§ **Task item**:
Print exactly the lines that run from the one containing "view of patio" to the final line of the data, both included, and print none of the pictures.

§ **Data provided**:
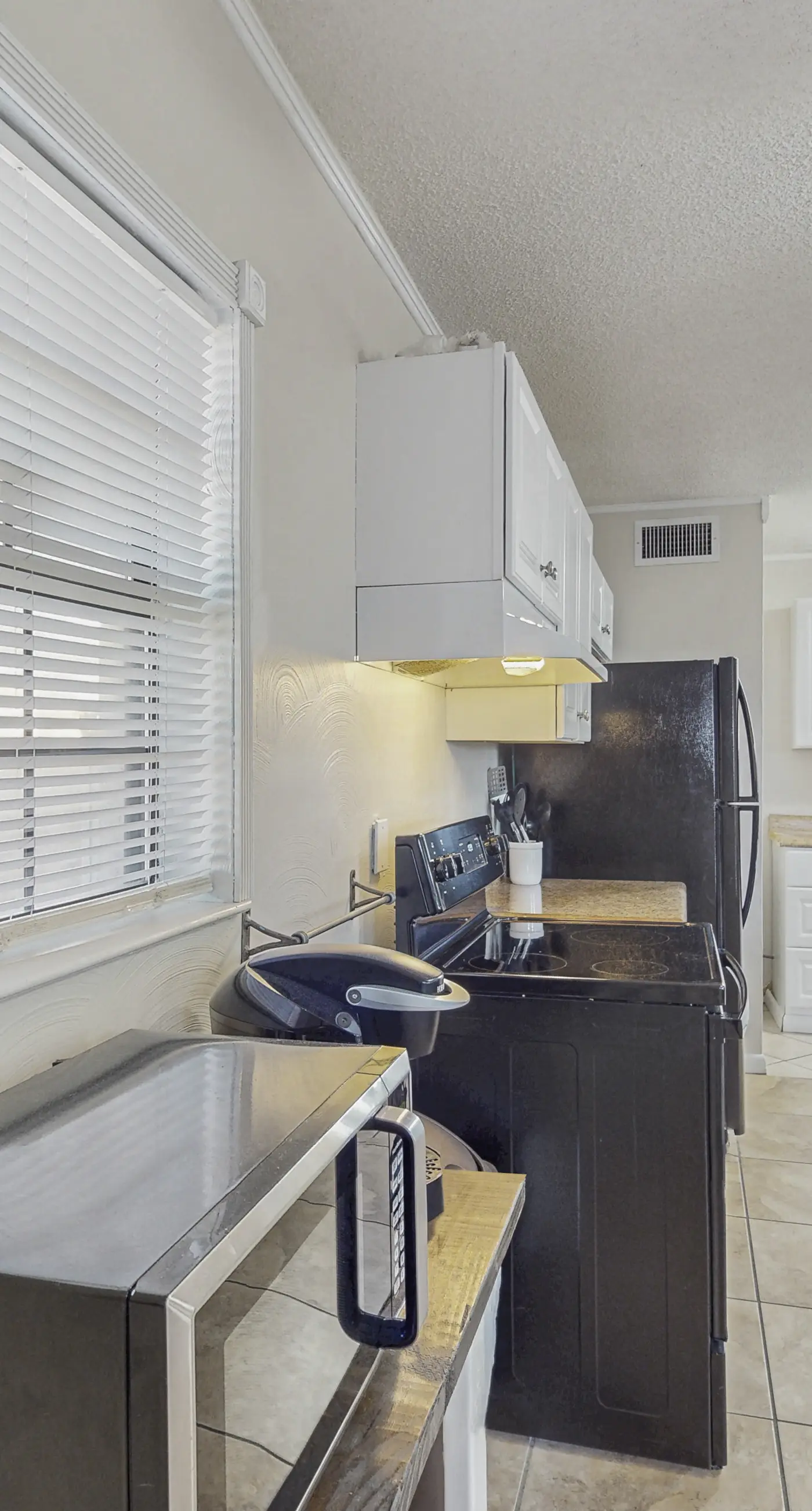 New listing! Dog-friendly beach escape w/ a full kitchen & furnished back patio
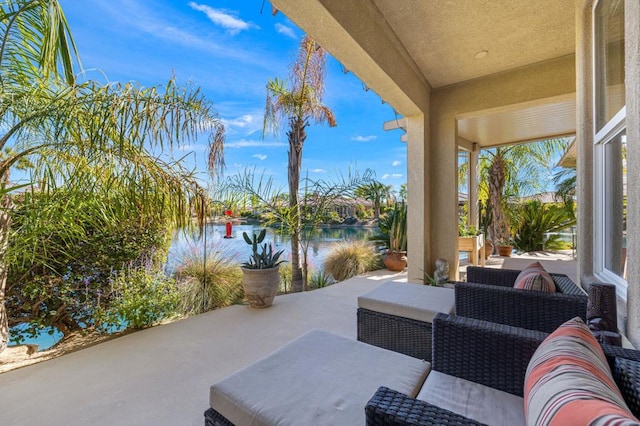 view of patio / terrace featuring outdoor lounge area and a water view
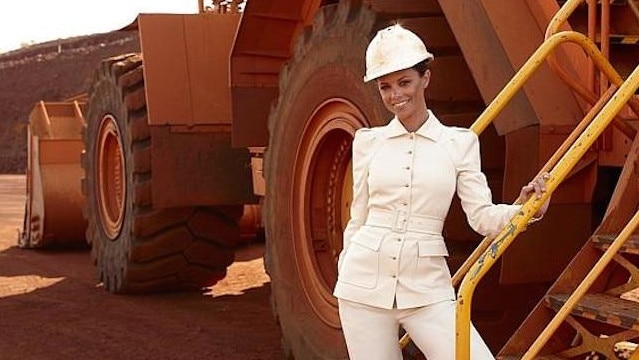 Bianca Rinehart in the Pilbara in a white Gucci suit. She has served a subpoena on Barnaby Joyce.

§ **Answer section**:
 view of patio / terrace featuring outdoor lounge area and a water view
 Bianca Rinehart in the Pilbara in a white Gucci suit. She has served a subpoena on Barnaby Joyce.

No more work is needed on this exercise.